Fortunately, Picsellia embeds features that will allow you to fork easily and in a personalized way a DatasetVersion.

1. Fork a DatasetVersion

First of all, you need to access the DatasetVersion you want to fork.

Once in it, you have the possibility to fork the entire DatasetVersion or a subset of it. Depending on your needs, you can leverage the Assets selection features to select the Asset that need to be embedded in the new DatasetVersion.

Once the Asset are selected, you just need to click on Dataset > Create New Dataset Version.

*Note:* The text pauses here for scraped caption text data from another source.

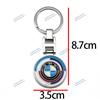 MWPF4 3D Metal Car Keychain For BMW M Logo X1 X2 X3 Key Rings Buckle X4 X5 X6 F48 G80 Key Holder E84 E83 G01 G11 G07 G86 Accessories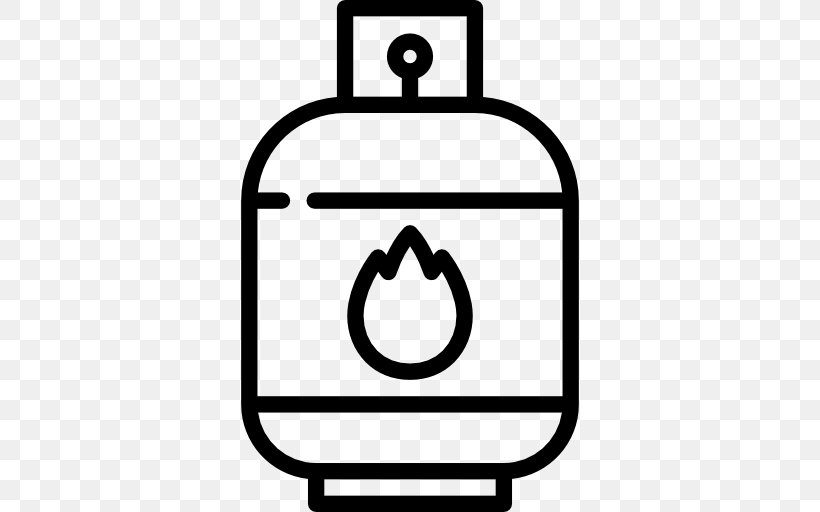 gas cylinder clipart black and white tree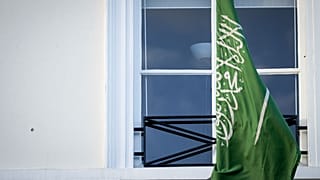 أمام مقر السفارة السعودية في لاهاي - هولندا 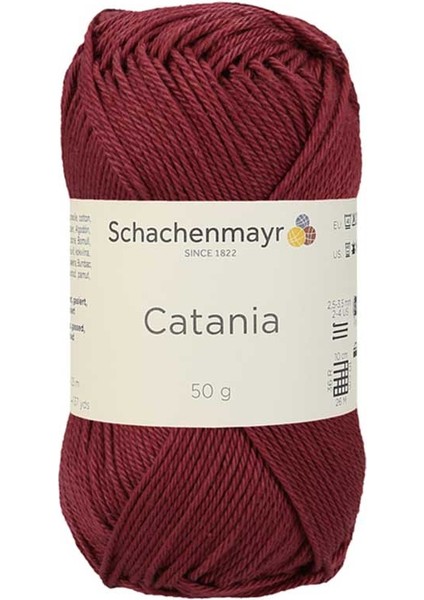 Catania El Örgü Ipi / 50G / 425 Bordo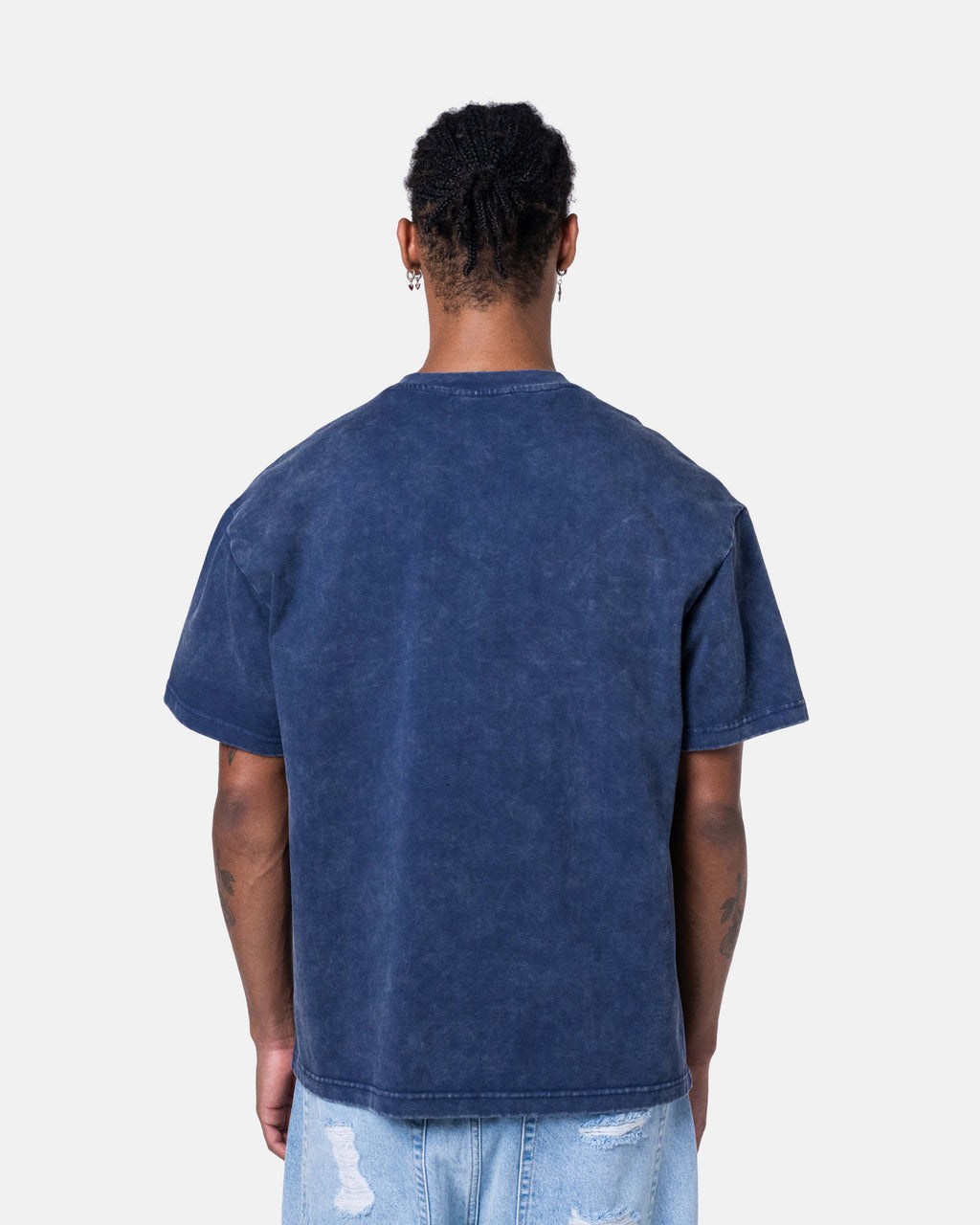 QUNTO Oversized Tee Blue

_Create New Dataset Version_ button

Create New Dataset Version button

A modal will open, in order to personalize the fork. You can for sure give a name to the new DatasetVersion and decide what needs to be embedded in addition to the Asset:

  • Copy Label, which will create a new DatasetVersion with the same Detection Type and Labelmap then the initial one
  • Copy Label and Annotation, which will create a new DatasetVersion with the same Detection Type, Labelmap then the initial one. The Annotation related to the Asset of the new DatasetVersion will also be copied.
  • Copy Tags, which will copy the AssetTag in the new DatasetVersion and attach them to the new Asset the same way as the initial one.

Obviously, several options can be checked during the fork:

Fork options

Fork options

To finalize the fork, you just need to click on Create.

📈

Once the fork is launched, its completion can be tracked from the Jobs panel.